## Goal of the exercise
As soon as the line containing "神秘的な虹の色のシルエット黒い木 ジグソーパズル (縦)" appears in the material below, start returning lines exactly, and end with the line containing "The Insurance Research".
Dataset entries Block Start
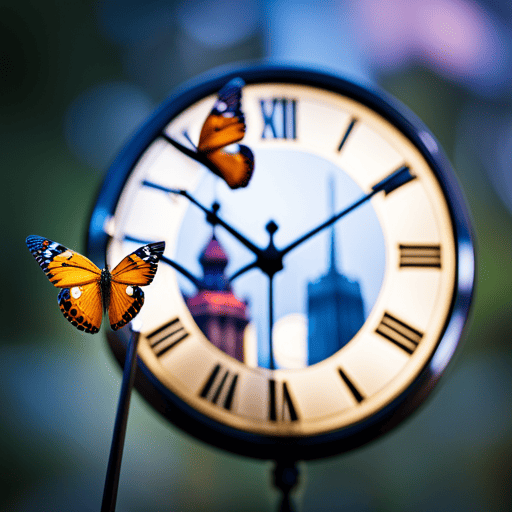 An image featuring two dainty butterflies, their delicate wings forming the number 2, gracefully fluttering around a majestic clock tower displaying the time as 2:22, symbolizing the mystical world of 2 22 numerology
Dataset entries Block End
Dataset entries Block Start
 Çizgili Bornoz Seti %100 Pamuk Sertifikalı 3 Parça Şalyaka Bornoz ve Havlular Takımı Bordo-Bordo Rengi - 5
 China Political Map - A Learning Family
Dataset entries Block End
Dataset entries Block Start
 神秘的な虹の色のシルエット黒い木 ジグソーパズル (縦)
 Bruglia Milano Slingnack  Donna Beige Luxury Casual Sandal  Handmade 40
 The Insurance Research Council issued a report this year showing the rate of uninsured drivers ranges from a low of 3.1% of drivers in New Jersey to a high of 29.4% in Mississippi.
Dataset entries Block End
## Answer to this task
 神秘的な虹の色のシルエット黒い木 ジグソーパズル (縦)
 Bruglia Milano Slingnack  Donna Beige Luxury Casual Sandal  Handmade 40
 The Insurance Research Council issued a report this year showing the rate of uninsured drivers ranges from a low of 3.1% of drivers in New Jersey to a high of 29.4% in Mississippi.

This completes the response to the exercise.